[Start of section]
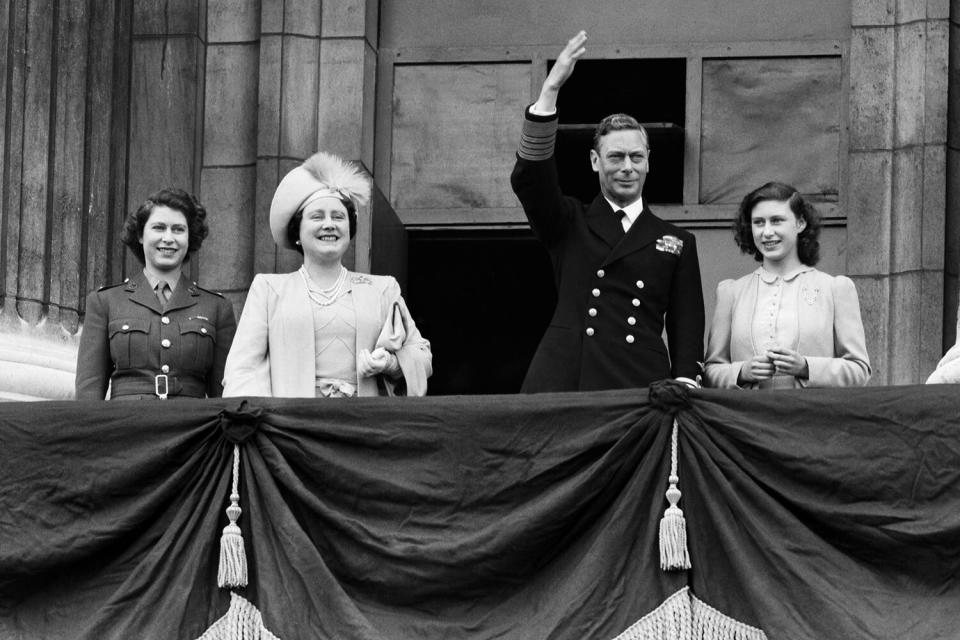 VE Day celebrations in London at the end of the Second World War. King George VI waves to the crowd from the balcony at Buckingham Palace during the celebrations, accomapnied by Princess Elizabeth, Queen Elizabeth and Princess Margaret. 8th May 1945.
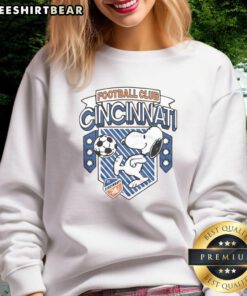 Official Peanuts Snoopy X FC Cincinnati Sweatshirt featuring Snoopy in team colors for fans and collectors.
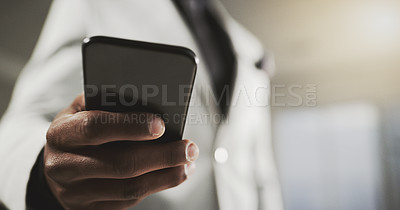Buy stock photo Closeup shot of an unidentifiable businessman using a cellphone in an office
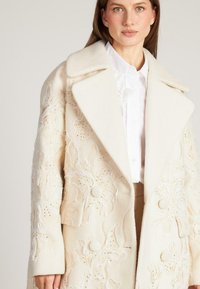 Abrigo de lana beige con intrincados bordados florales y adornos. Amplios solapas, cierre de doble botonadura y tejido texturizado.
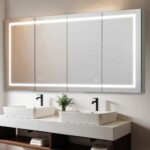 A modern bathroom features the Signature Royale 72" x 36" LED Lighted Mirror Glass Medicine Cabinet above two white rectangular sinks with black faucets, a small green plant between them, and towels stored on shelves below.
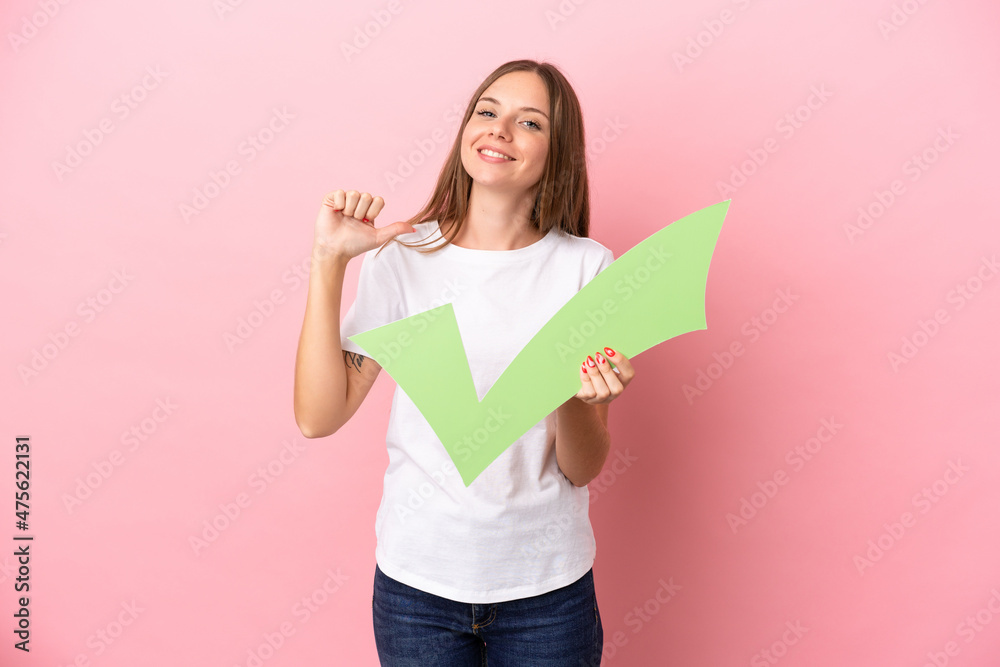 Young Lithuanian woman isolated on pink background holding a check icon with proud gesture Young Lithuanian woman isolated on pink background holding a check icon with proud gesture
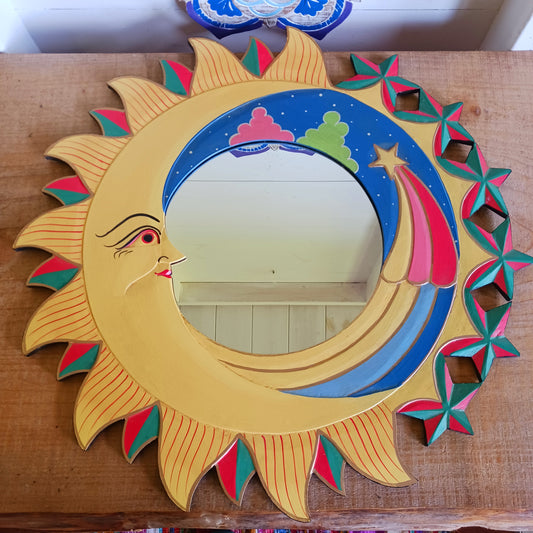 Bring the cosmos into your home with this beautifully handcrafted Sky Mirror, a unique and stunning wooden mirror adorned with intricate carvings of the sun, moon, and stars. Each piece is meticulously created by skilled artisans, ensuring fairtrade practices and exceptional quality. This celestial-inspired décor adds warmth, character, and a mystical charm to any room — perfect for those who love unique, meaningful home accents.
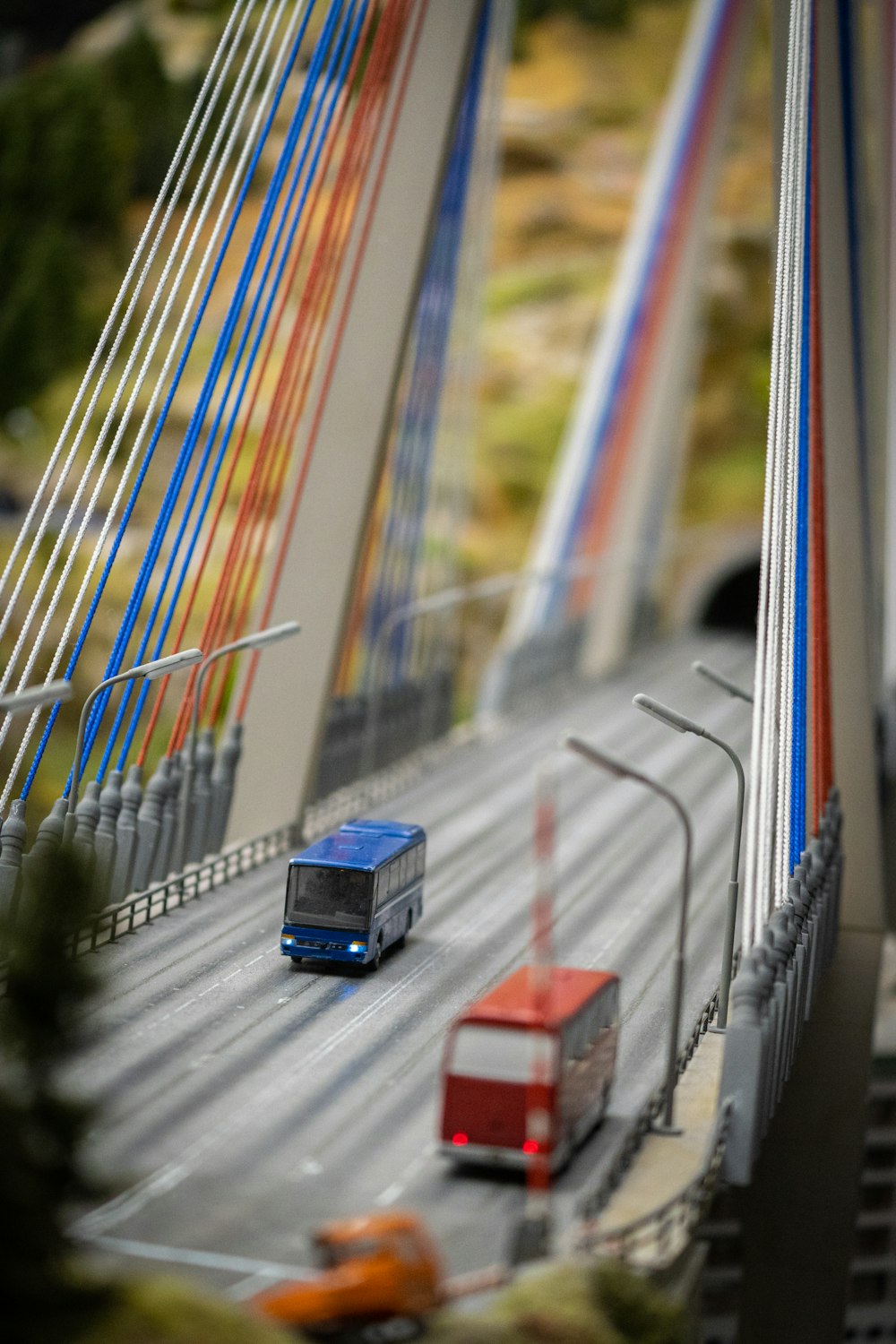 a toy model of a bridge with cars and buses on it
[End of section]
**WORK INSTRUCTION**
Omit every picture, and please return the entries exactly from the first line through the line with "proud gesture Young", both included.

**SOLUTION**
 VE Day celebrations in London at the end of the Second World War. King George VI waves to the crowd from the balcony at Buckingham Palace during the celebrations, accomapnied by Princess Elizabeth, Queen Elizabeth and Princess Margaret. 8th May 1945.
 Official Peanuts Snoopy X FC Cincinnati Sweatshirt featuring Snoopy in team colors for fans and collectors.
Buy stock photo Closeup shot of an unidentifiable businessman using a cellphone in an office
 Abrigo de lana beige con intrincados bordados florales y adornos. Amplios solapas, cierre de doble botonadura y tejido texturizado.
 A modern bathroom features the Signature Royale 72" x 36" LED Lighted Mirror Glass Medicine Cabinet above two white rectangular sinks with black faucets, a small green plant between them, and towels stored on shelves below.
 Young Lithuanian woman isolated on pink background holding a check icon with proud gesture Young Lithuanian woman isolated on pink background holding a check icon with proud gesture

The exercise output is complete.